**AIM OF THE TASK**
If "city" shows up in a line of the material, return that line.

**MATERIAL FOR THIS TASK**
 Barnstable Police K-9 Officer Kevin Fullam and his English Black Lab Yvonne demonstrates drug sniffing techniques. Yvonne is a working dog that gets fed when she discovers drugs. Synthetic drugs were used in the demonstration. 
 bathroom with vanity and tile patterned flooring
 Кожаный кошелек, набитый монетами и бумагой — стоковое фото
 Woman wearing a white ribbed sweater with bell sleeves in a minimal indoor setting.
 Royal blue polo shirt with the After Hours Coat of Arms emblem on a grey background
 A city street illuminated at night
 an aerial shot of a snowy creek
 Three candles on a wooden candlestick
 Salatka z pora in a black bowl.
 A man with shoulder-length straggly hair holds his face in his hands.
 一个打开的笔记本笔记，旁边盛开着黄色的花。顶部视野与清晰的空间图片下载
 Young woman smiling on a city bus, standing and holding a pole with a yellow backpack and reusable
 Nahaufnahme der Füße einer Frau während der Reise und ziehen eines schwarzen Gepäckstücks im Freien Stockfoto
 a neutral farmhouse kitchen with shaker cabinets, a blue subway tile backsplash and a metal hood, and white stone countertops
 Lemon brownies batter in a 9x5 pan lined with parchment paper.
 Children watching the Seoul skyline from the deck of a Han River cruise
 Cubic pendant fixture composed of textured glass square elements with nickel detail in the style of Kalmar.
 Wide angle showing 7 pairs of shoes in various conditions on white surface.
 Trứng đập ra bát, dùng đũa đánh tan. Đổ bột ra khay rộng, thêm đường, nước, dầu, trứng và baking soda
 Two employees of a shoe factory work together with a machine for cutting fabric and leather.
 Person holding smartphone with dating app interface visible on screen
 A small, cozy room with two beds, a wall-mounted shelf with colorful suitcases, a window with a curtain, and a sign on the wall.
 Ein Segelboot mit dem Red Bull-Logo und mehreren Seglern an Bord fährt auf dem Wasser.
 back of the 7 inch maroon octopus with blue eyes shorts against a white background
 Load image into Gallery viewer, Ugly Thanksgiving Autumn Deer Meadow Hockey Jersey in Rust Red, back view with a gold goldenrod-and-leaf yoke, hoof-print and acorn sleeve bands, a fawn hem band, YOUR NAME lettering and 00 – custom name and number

**PROBLEM SOLUTION**
 A city street illuminated at night
 Young woman smiling on a city bus, standing and holding a pole with a yellow backpack and reusable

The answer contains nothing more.